• **Records to process**:

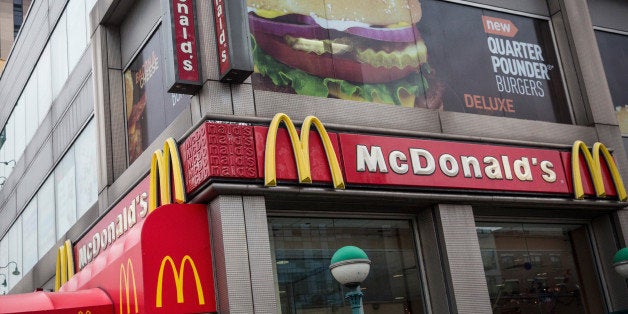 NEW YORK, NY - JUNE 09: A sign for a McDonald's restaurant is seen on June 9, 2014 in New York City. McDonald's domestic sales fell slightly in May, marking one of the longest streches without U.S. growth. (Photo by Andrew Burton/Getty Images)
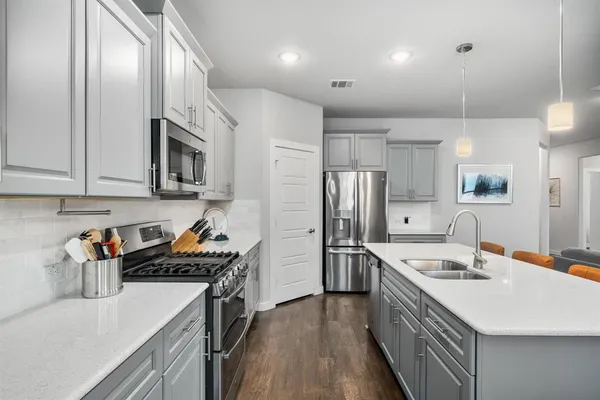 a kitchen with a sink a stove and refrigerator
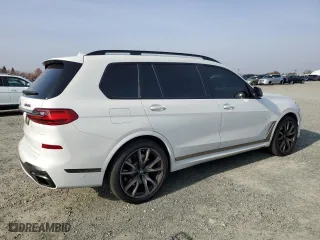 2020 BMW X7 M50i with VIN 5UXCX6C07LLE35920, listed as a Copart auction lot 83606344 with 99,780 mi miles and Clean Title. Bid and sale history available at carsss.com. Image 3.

...

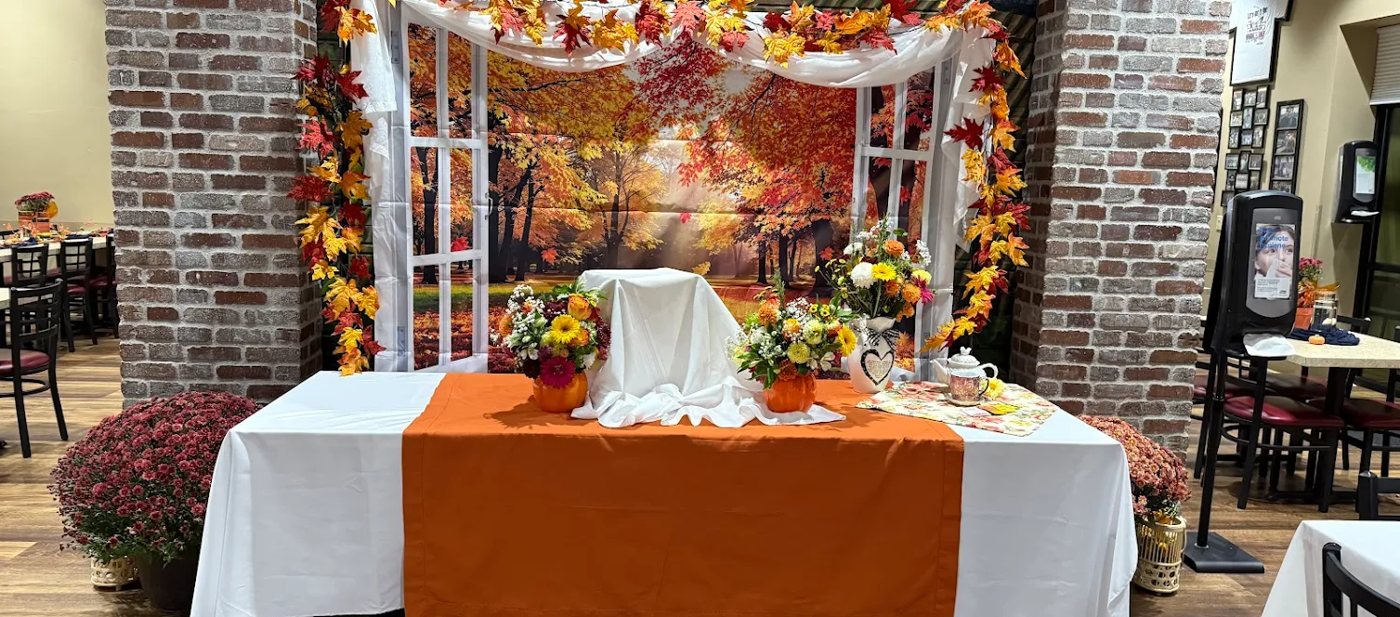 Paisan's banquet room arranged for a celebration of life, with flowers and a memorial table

---

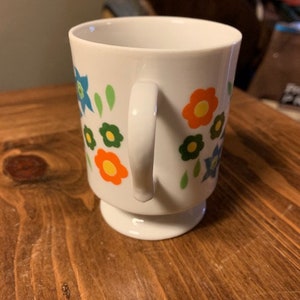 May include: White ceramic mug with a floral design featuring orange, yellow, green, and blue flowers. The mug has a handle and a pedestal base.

• **What this task involves**:
Extract the part of the records that opens with the line containing "NEW YORK, NY" and closes with the line containing "2020 BMW X7". Take only those lines, exactly, and no pictures.

• **Output of the task**:
 NEW YORK, NY - JUNE 09: A sign for a McDonald's restaurant is seen on June 9, 2014 in New York City. McDonald's domestic sales fell slightly in May, marking one of the longest streches without U.S. growth. (Photo by Andrew Burton/Getty Images)
 a kitchen with a sink a stove and refrigerator
 2020 BMW X7 M50i with VIN 5UXCX6C07LLE35920, listed as a Copart auction lot 83606344 with 99,780 mi miles and Clean Title. Bid and sale history available at carsss.com. Image 3.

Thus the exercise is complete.